** DESCRIPTION OF THE TASK **
Without any pictures, print the lines below from the one that has "Sylvester Stallone and" through the one that has "WASCHMASCHINENSCHRANK 67,5/200/67,5 cm", exactly and nothing else.

** INPUT RECORDS **

□ □ □ □ □

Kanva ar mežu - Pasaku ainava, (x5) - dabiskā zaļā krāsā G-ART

□ □ □ □ □

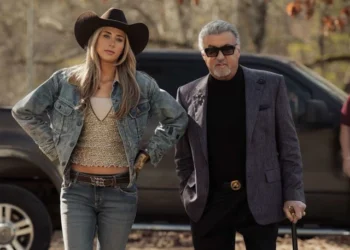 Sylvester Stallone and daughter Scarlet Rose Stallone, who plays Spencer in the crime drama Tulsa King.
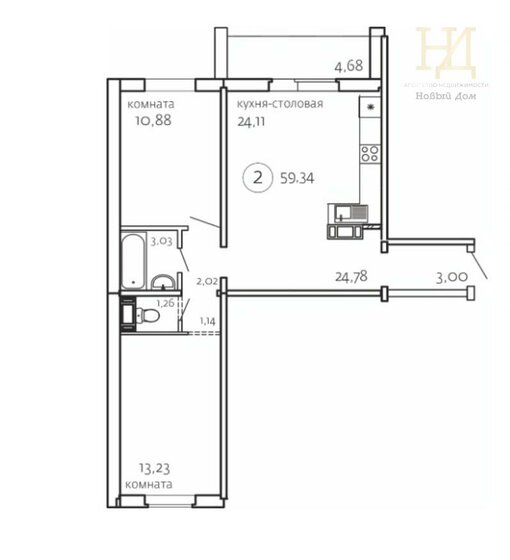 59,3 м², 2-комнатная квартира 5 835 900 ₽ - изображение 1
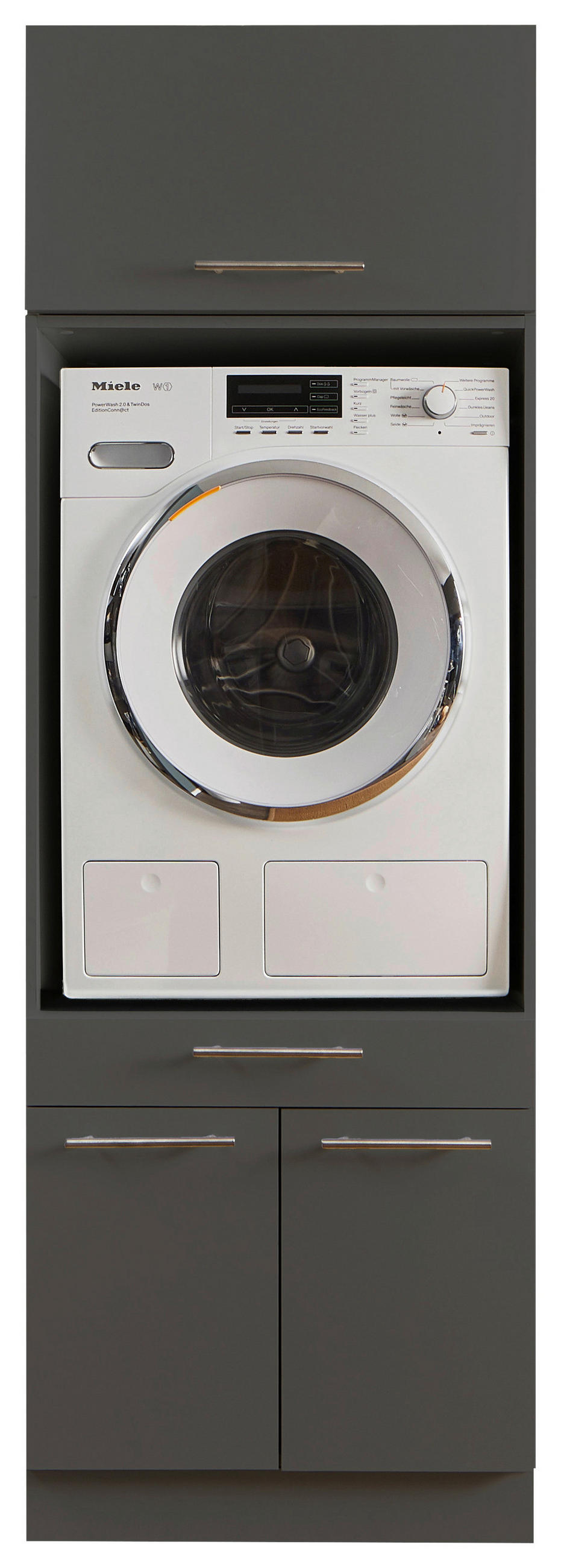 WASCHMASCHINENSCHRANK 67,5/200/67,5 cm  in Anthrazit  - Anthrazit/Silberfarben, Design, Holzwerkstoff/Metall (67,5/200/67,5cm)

□ □ □ □ □

** SOLUTION **
 Sylvester Stallone and daughter Scarlet Rose Stallone, who plays Spencer in the crime drama Tulsa King.
 59,3 м², 2-комнатная квартира 5 835 900 ₽ - изображение 1
 WASCHMASCHINENSCHRANK 67,5/200/67,5 cm  in Anthrazit  - Anthrazit/Silberfarben, Design, Holzwerkstoff/Metall (67,5/200/67,5cm)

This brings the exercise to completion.